Bir hafta sonra anne S.D.’nin açtığı davaya sinirlenen baba M.D. normal şartlarda annesine teslim etmek için akşam saat 18.00’da getireceği oğlunu saat 15.30’da getirerek eski eşinden aşağıya inmesini ve oğlunu vereceğini belirtti. Anne yine aynı şekilde cep telefonu kamerasını açarak aşağıya indi. O sırada anneyi eniştesi de arka sokakta tedbir amaçlı beklemeye başladı. Bu sırada evin önüne gelen baba M.D., eski eşinin eniştesini görünce oğlunu da alarak sinirle aracına bindi. Oğlunu almak isteyen anne de peşinden koşarak, aracın camından durması için eski eşi M.D.’yi durdurmaya çalıştı. M.D. daha da öfkelenerek baş örtüsünden tuttuğu eski eşini çocuklarının gözü önünde araçla sürüklemeye başladı. Acılı anne yere düşerek sürüklenmeye başladı. Hızını alamayan öfkeli baba aracıyla geri gelerek ezmeye çalıştı. Fakat anne aniden hamle yaparak kendini kenara atmaya çabalasa da öfkeli eş araçla; eşinin kolunun üzerinden geçerek hızla gitti. Çevredeki vatandaşların ilk yardımı sonrası ambulansla hastaneye kaldırılan anne daha sonra şikayetçi oldu. Polis ekipleri tarafından ertesi gün gözaltına alınan ve mahkemeye sevk edilen baba M.D. tutuklanarak cezaevine gönderildi. İki ay tutuklu kalan baba daha sonra tahliye oldu.

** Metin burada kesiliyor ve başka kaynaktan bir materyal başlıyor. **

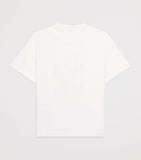 Roberto Cavalli cotton tropical logo T-shirt 4-14 years, imported from the UK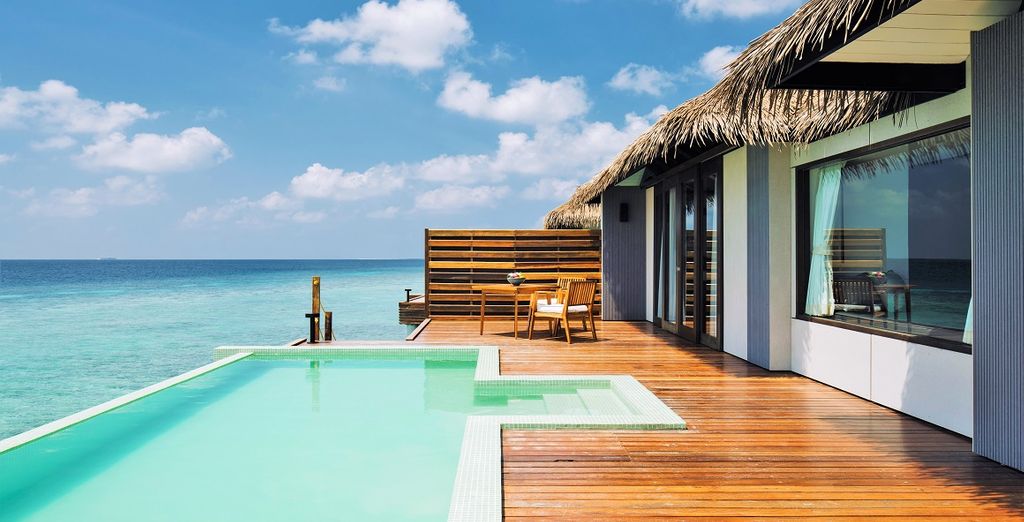 Noku Maldives Resort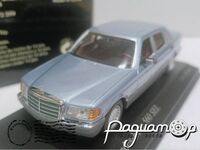 Mercedes-Benz 560 SEL (1984) 430039308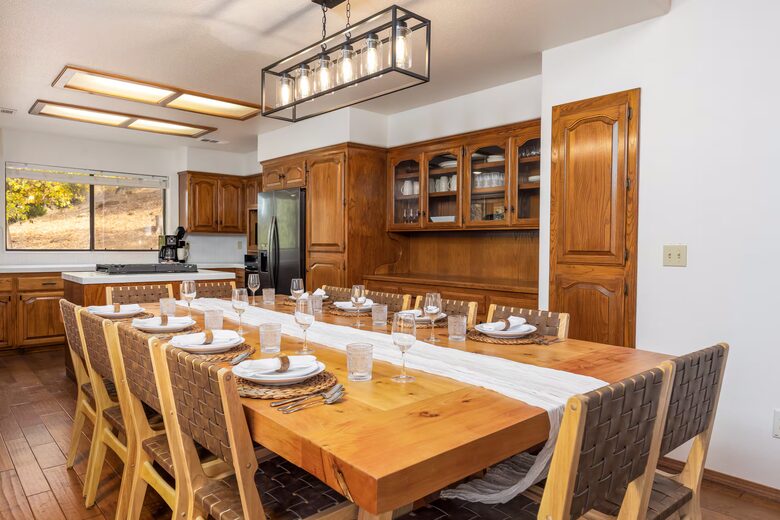 Coarsegold Mountain Retreat Near Yosemite with Panoramic Views - Coarsegold, California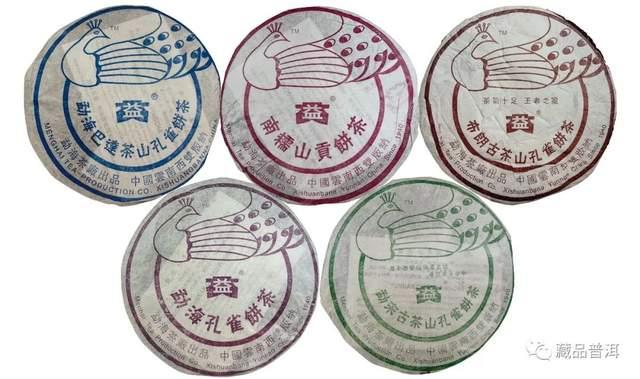 孔雀班章市场表现向好，综合指数力压班章白菜，究竟谁是大益第一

Oğluyla ilgili davanın devam ettiğini ve eski eşinin kaçırma tehdidinde bulunduğunu belirten anne S.D., ’’49 gündür sürekli arıyorum ama ulaşamıyorum. Son olarak avukatım aracılığıyla aradım. Pedagog ve avukat aracılığı ile eski eşime çocuğumu verebileceğimi ifade ettim. Bununla ilgili bir bilgi vermediler ve geri dönüş sağlamadılar. Başvuru yaptıktan 2 hafta sonra çocuğumu aldı ve gitti. Bir daha haber alamadım 49 gün oldu hiçbir şekilde ulaşılamıyor. Oğlum daha önce bana kaçırılacağını söyledi. İfadesinde, "Anne babam beni kaçıracak, biz onunla gezmeye gideceğiz. Arabayla gideceğiz’ demişti. O günden beri çocuğuma ulaşamıyorum" dedi.
Oğlunun babasından şüphelendiğini ve bunu kendisine dile getirdiğini anlatan anne S.D., ’’Anne ben babama gitmeyeceğim" demişti. Ben de "baban şaka yapıyor, seni kaçırmaz" diye konuştum.
Giderken geri döndü pedagoglar da şahit oldu. "Anne üzülme ben geleceğim, beni merak etme. Kendine iyi bak. O şekilde söyleyip gitti. Anneme de aynı şekilde sarıldı. "Anneanne beni merak etme, ben geleceğim, sizi çok seviyorum. Kendinize iyi bakın" diyerek gitti. 49 gün oldu çocuğumdan hiçbir şekilde haber alamıyorum. Yalvarıyorum artık yardımcı olsunlar. Lütfen kavuşmak istiyorum. Şu anda durumu nedir bilmiyorum. Sağlığından endişe ediyorum. Çöp evde bulunan Cem Muhammed gibi olmasın. O çocuk gibi olmasından endişe ediyorum" diye konuştu.